Captioned web image data:
= Beginning of Section =

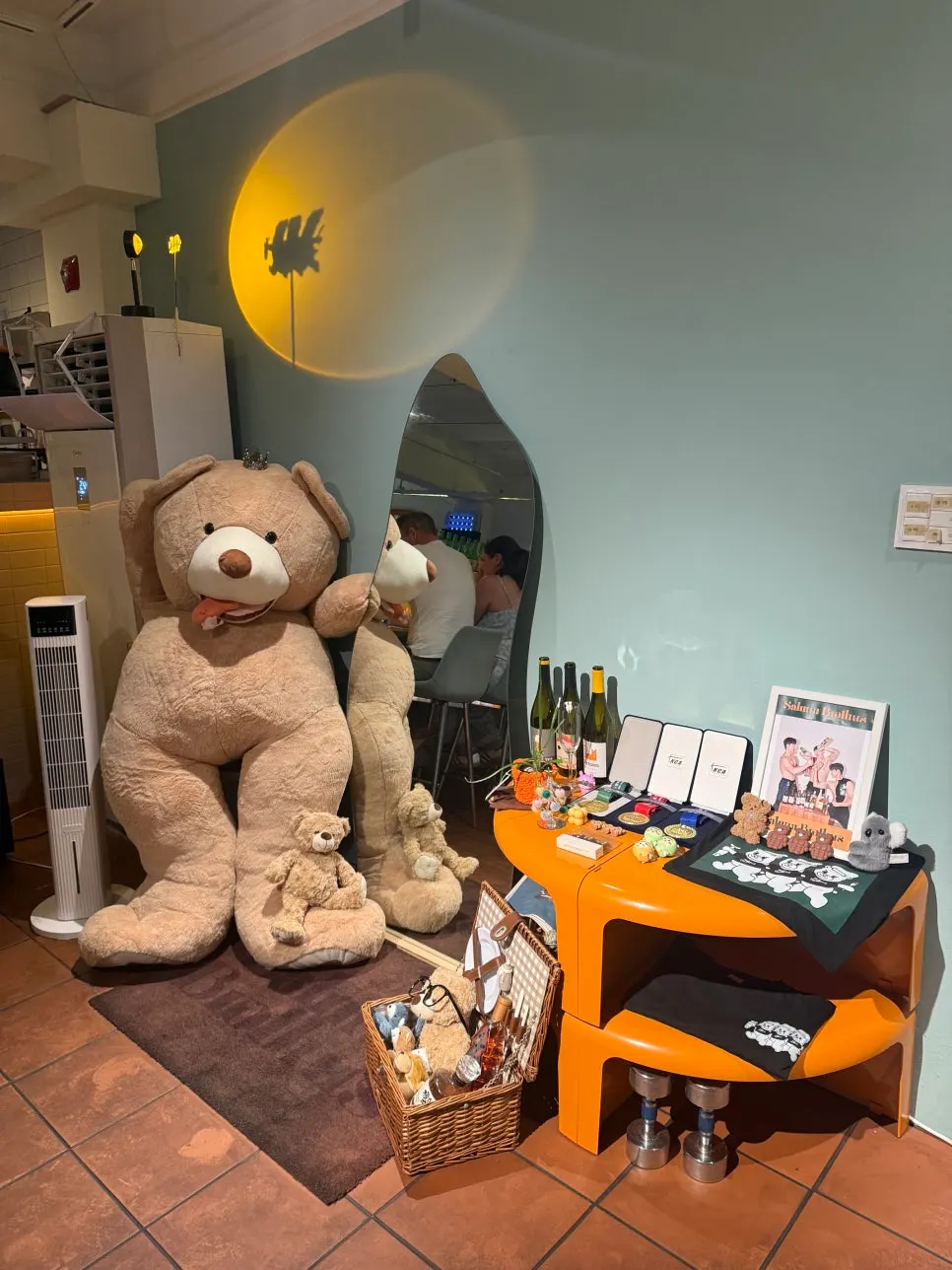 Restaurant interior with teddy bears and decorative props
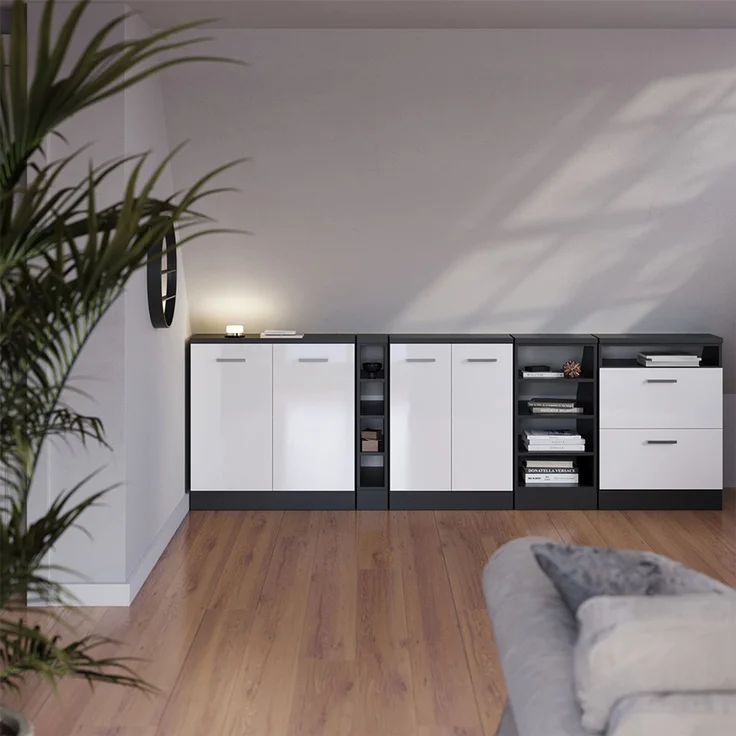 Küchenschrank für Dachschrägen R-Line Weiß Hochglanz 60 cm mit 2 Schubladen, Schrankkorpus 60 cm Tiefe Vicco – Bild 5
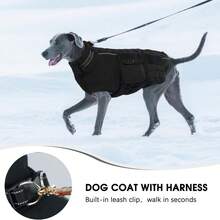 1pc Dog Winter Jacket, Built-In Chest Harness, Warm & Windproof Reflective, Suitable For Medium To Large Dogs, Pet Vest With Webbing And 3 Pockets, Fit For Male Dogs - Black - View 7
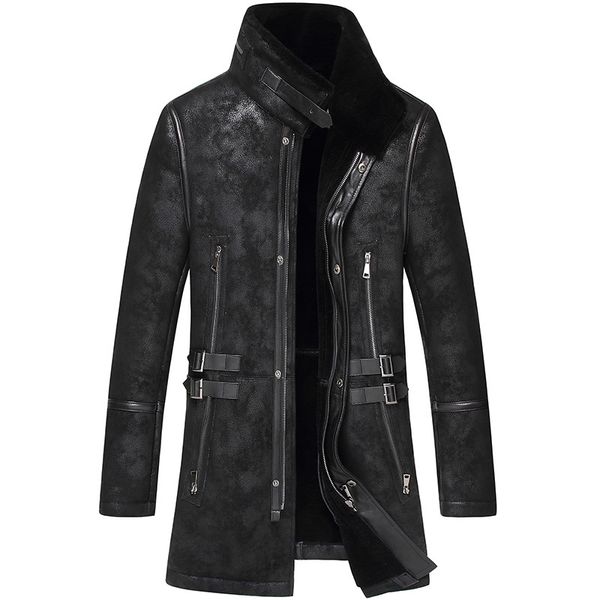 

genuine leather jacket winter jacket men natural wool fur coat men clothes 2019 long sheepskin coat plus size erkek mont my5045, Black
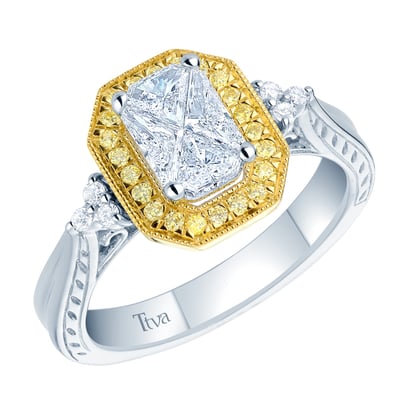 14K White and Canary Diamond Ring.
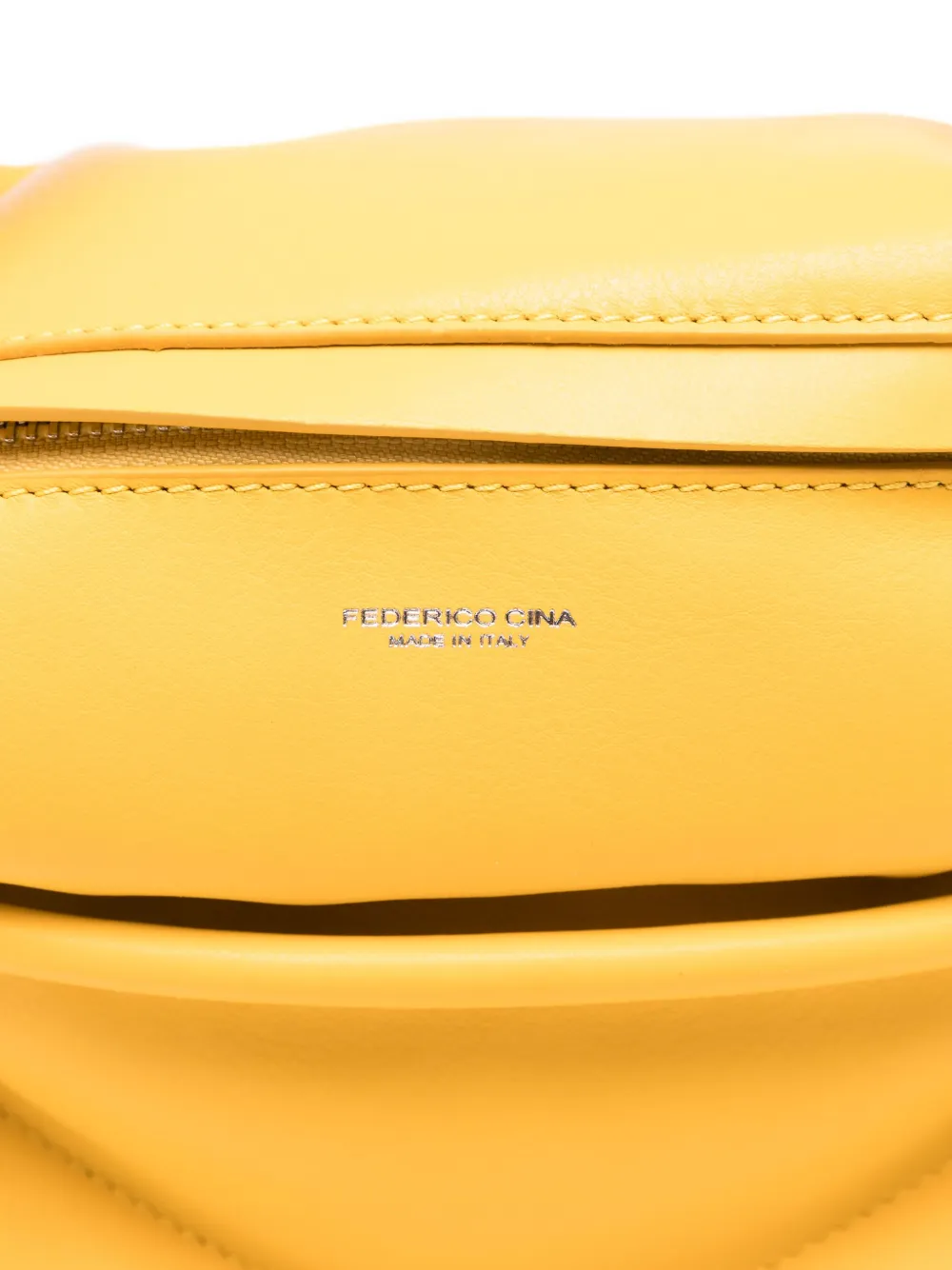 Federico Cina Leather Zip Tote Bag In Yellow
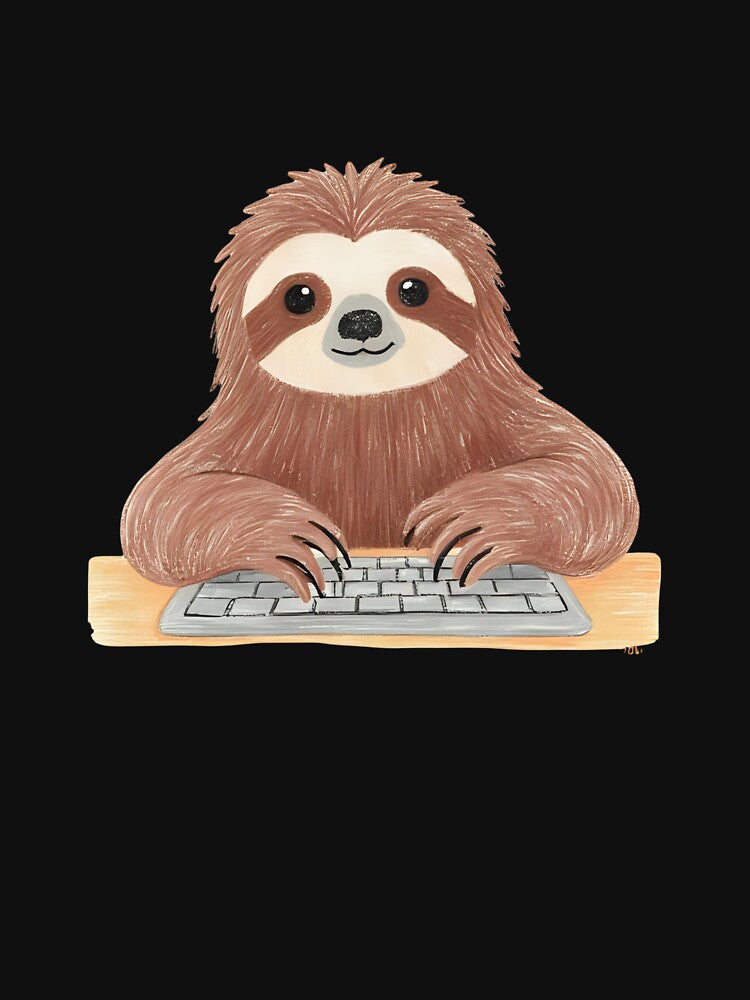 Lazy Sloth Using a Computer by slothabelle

= End of Section =

Assigned task:
Retype the lines exactly as they appear, beginning with the line that contains "Küchenschrank für Dachschrägen" and ending with the final line of the entries, and omit the pictures.

Solution to the exercise:
 Küchenschrank für Dachschrägen R-Line Weiß Hochglanz 60 cm mit 2 Schubladen, Schrankkorpus 60 cm Tiefe Vicco – Bild 5
 1pc Dog Winter Jacket, Built-In Chest Harness, Warm & Windproof Reflective, Suitable For Medium To Large Dogs, Pet Vest With Webbing And 3 Pockets, Fit For Male Dogs - Black - View 7

genuine leather jacket winter jacket men natural wool fur coat men clothes 2019 long sheepskin coat plus size erkek mont my5045, Black
 14K White and Canary Diamond Ring.
 Federico Cina Leather Zip Tote Bag In Yellow
 Lazy Sloth Using a Computer by slothabelle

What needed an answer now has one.